> Date: Mon, 05 Apr 2021 19:14:49 +0900 (JST)
> From: YASUOKA Masahiko <yasu...@openbsd.org>
> 
> Hi,
> 
> On Mon, 5 Apr 2021 10:43:00 +0300
> Paul Irofti <p...@irofti.net> wrote:
> > On 05.04.2021 06:13, Scott Cheloha wrote:
> >> On Mon, Mar 29, 2021 at 02:00:01PM +0900, YASUOKA Masahiko wrote:
> >>> On Thu, 25 Mar 2021 19:41:35 +0100 (CET)
> >>> Mark Kettenis <mark.kette...@xs4all.nl> wrote:
> >>>>> From: Scott Cheloha <scottchel...@gmail.com>
> >>>>> Date: Thu, 25 Mar 2021 13:18:04 -0500
> >>>>>> On Wed, Mar 24, 2021 at 05:40:21PM +0900, YASUOKA Masahiko wrote:
> >>>>> Which diff did you apply?  Yasuoka provided two diffs.
> >>>>>
> >>>>> In any case, ignore this diff:
> >>>>>
> >>>>>> diff --git a/sys/arch/amd64/amd64/tsc.c b/sys/arch/amd64/amd64/tsc.c
> >>>>>> index 238a5a068e1..3b951a8b5a3 100644
> >>>>>> --- a/sys/arch/amd64/amd64/tsc.c
> >>>>>> +++ b/sys/arch/amd64/amd64/tsc.c
> >>>>>> @@ -212,7 +212,8 @@ cpu_recalibrate_tsc(struct timecounter *tc)
> >>>>>> u_int
> >>>>>> tsc_get_timecount(struct timecounter *tc)
> >>>>>> {
> >>>>>> -      return rdtsc_lfence() + curcpu()->ci_tsc_skew;
> >>>>>> +      //return rdtsc_lfence() + curcpu()->ci_tsc_skew;
> >>>>>> +      return rdtsc_lfence();
> >>>>>> }
> >>>>>>
> >>>>>> void
> >>>>>
> >>>>>
> >>>>> We don't want to discard the skews, that's wrong.
> >>>
> >>> I'm sorry for the confusion.
> >> No problem.
> >> 
> >>>>> The reason it "fixes" Yasuoka's problem is because the real skews
> >>>>> on the ESXi VMs in question are probably close to zero but our
> >>>>> synchronization algorithm is picking huge (wrong) skews due to
> >>>>> some other variable interfering with our measurement.
> >>>>
> >>>> Right.  If a VM exit happens while we're doing our measurement, you'll
> >>>> see a significant delay.  And a guest OS can't prevent those from
> >>>> happening.  But even on real hardware SMM mode may interfere with our
> >>>> measurement.
> >>>
> >>> For machines like the ESXi VMs, the measurement seems to have to
> >>> exclude such delayed values as outliers.  I think taking a lot of
> >>> samples and choice the minimum is a good enough way for the purpose.
> >>>
> >>> I updated the diff.
> >>>
> >>> - delete lines for debug
> >>> - make tsc quality lower if skew is not good enough
> >>> - reduce difference from NetBSD
> >>>
> >>> comment? ok?
> >> If more iterations fixes your problem, great.  It isn't going to make
> >> things worse for machines with sync'd TSCs, makes the TSC usable on
> >> another class of machine, and is relatively cheap.
> >> This is ok cheloha@.
> >> You need another ok, though.
> > 
> > 
> > The diff is obviously fine.
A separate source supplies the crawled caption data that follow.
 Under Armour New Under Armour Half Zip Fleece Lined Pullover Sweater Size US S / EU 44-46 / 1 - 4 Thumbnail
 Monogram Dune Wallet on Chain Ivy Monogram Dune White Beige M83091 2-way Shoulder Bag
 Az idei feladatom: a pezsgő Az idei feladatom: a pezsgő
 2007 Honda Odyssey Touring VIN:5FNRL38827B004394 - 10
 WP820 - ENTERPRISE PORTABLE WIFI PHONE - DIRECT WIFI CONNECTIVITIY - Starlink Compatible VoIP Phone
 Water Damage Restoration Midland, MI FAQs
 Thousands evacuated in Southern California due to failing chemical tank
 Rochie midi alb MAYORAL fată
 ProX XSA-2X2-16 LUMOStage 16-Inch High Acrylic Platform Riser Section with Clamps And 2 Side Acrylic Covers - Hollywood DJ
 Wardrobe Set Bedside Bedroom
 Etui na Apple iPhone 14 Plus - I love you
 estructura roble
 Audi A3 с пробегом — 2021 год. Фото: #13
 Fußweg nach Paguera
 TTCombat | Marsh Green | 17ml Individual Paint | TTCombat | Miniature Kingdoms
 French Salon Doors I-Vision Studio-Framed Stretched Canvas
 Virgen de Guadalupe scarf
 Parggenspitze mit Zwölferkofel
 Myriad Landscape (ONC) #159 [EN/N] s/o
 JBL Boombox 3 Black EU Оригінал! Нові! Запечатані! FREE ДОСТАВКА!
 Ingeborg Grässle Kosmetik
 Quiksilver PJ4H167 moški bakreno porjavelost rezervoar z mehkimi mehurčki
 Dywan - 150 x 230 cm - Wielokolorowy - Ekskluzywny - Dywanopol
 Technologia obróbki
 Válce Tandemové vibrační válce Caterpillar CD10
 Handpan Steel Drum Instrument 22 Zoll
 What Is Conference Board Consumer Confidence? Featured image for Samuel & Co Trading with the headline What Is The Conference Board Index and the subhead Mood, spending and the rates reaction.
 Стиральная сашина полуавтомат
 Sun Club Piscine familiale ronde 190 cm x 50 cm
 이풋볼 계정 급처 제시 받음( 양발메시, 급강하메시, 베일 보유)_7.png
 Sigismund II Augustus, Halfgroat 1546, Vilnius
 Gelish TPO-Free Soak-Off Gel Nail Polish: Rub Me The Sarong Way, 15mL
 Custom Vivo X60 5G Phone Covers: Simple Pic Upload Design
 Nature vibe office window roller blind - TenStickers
But it is still a heuristic with no real
> > motivation except for this particular ESXi VM case. So my question
> > about why we choose the minimum instead of the median or the mean has
> > not been answered.
> 
> Because median or mean is affected by outliers.  We actually see
> some outliers in samples from the VMware.
> 
> I suppose there is a better mesure, but I am currently no idia and had
> not used that kind of measure in kernel.  On the other hand, finding
> the minimum is very simple.

Using the median should take care of the outliers though.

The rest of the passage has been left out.